- [Work to be completed]
Output, word for word, each line from the one with "オータムパンプキン ファーストバースデー オーダーネーム 招待状 (正面/裏面)" through the end of the listing below, excluding every picture.

[[ Data to use open ]]

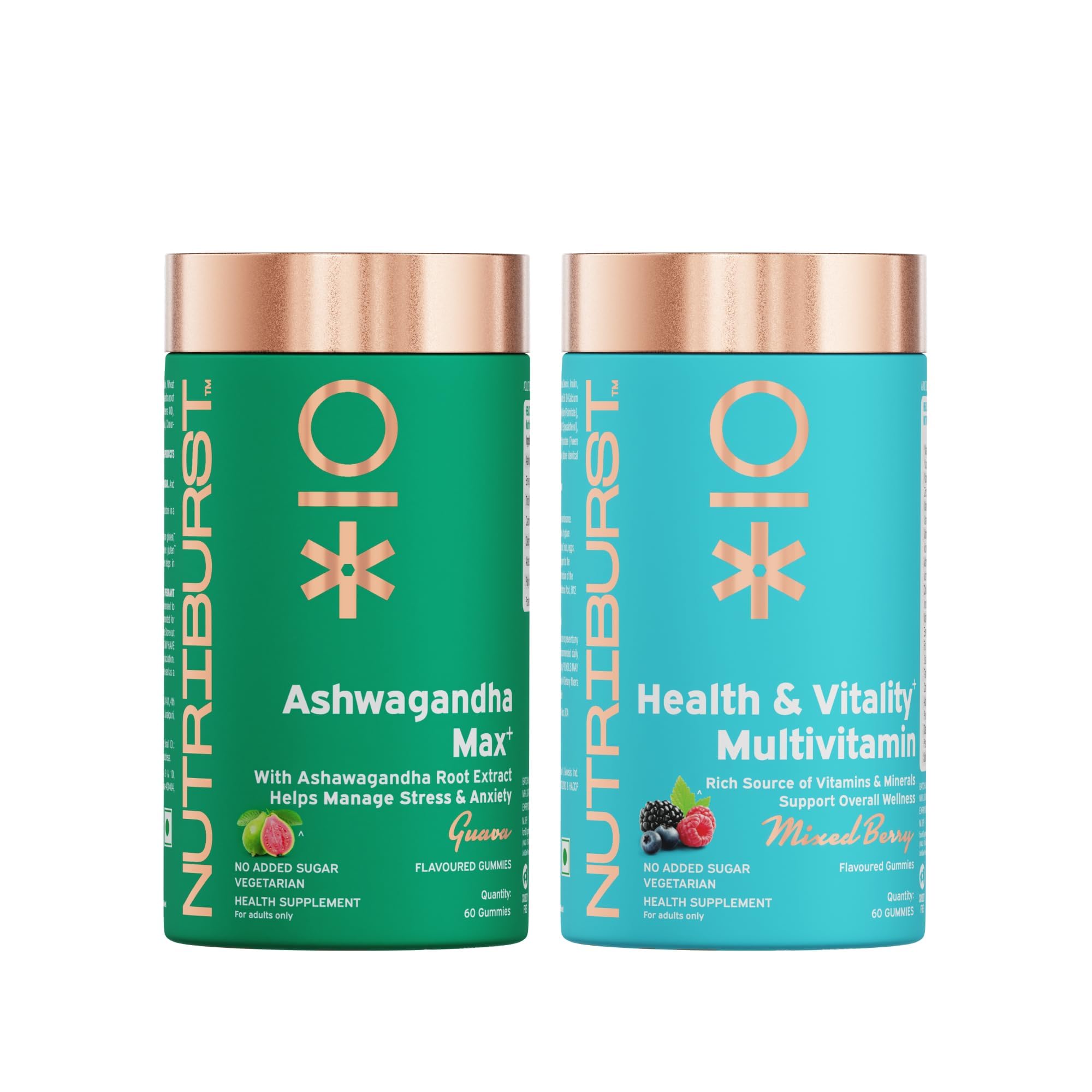 Nutriburst Daily Vitality Combo: Multivitamin Gummies for Complete Nutrition + Ashwagandha Gummies for Mind Relax & Energy Boost | Supports Wellness, Immunity & Balance | No Added Sugar (Pack of 2X60)
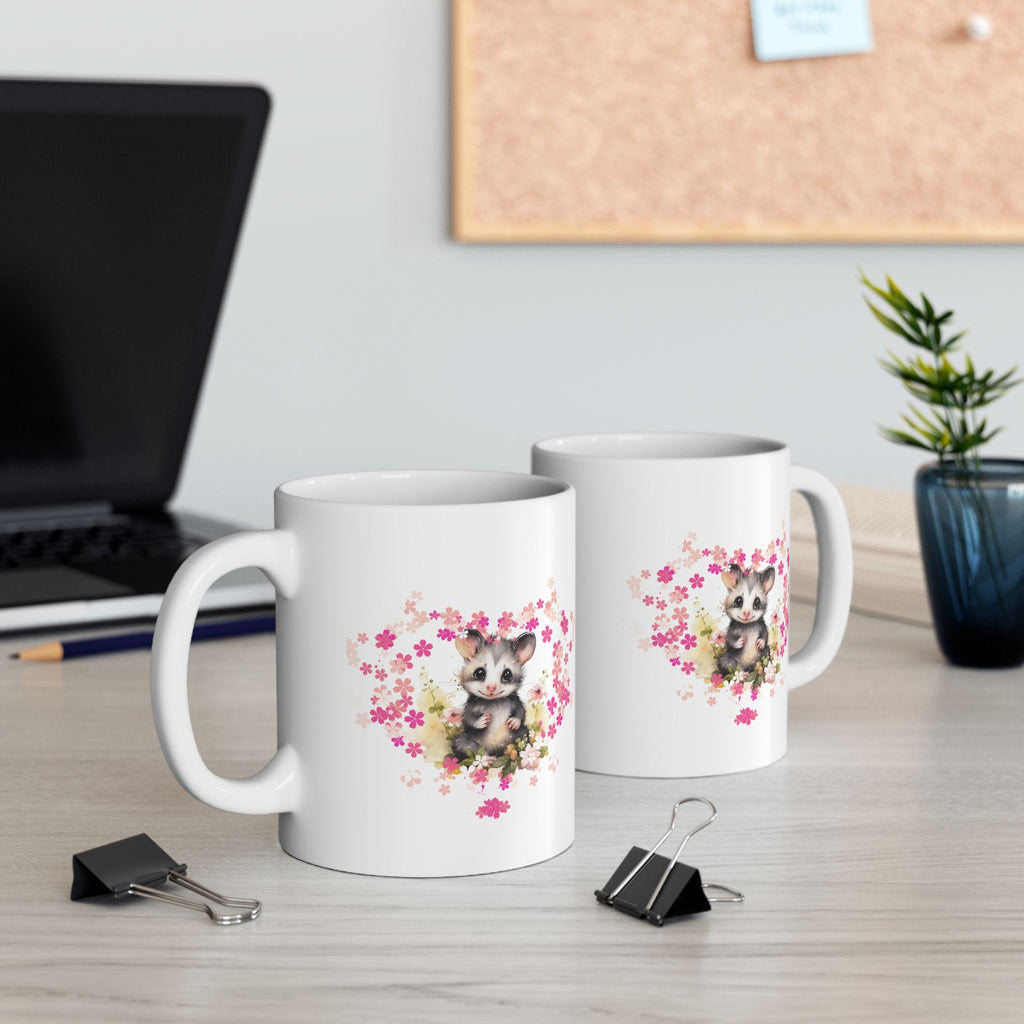 Opossum Ceramic Mug, Cute Floral Heart Opossum Lover Gift, 11oz 15oz Coffee Cup, Animal Wildlife Tea Mug, Gift for Nature Enthusiasts
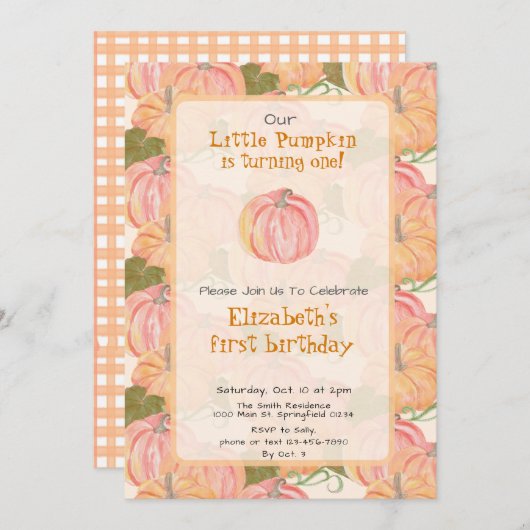 オータムパンプキン ファーストバースデー オーダーネーム 招待状 (正面/裏面)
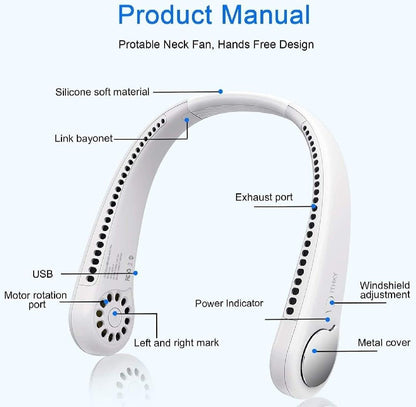 Portable Bladeless Neck Fan, Hands-Free Rechargeable Wearable Personal Fan product image 4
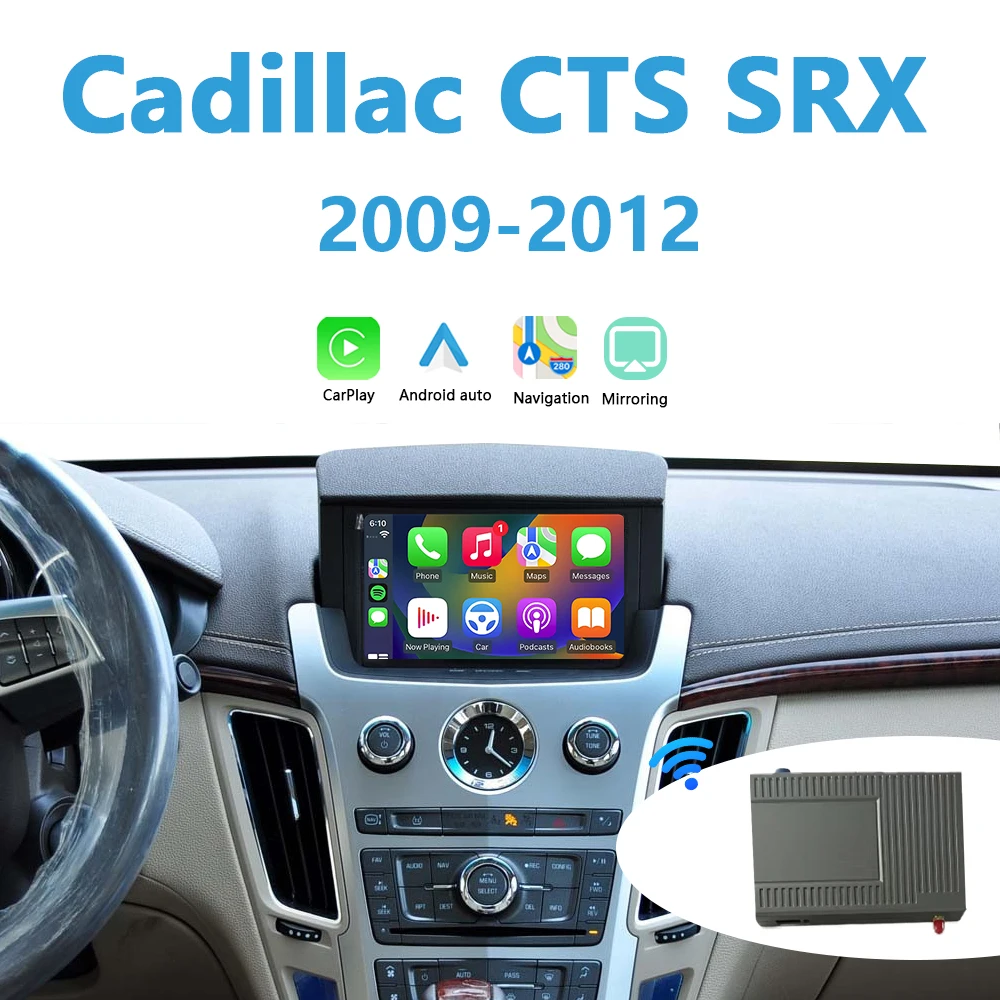 Беспроводной CarPlay для Cadillac CTS 2009-2012, модернизированный беспроводной Android Auto Plug & Play, добавление камеры заднего вида, зеркало для iPhone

[[ Data to use closed ]]

- [Exercise answer]
 オータムパンプキン ファーストバースデー オーダーネーム 招待状 (正面/裏面)
 Portable Bladeless Neck Fan, Hands-Free Rechargeable Wearable Personal Fan product image 4
 Беспроводной CarPlay для Cadillac CTS 2009-2012, модернизированный беспроводной Android Auto Plug & Play, добавление камеры заднего вида, зеркало для iPhone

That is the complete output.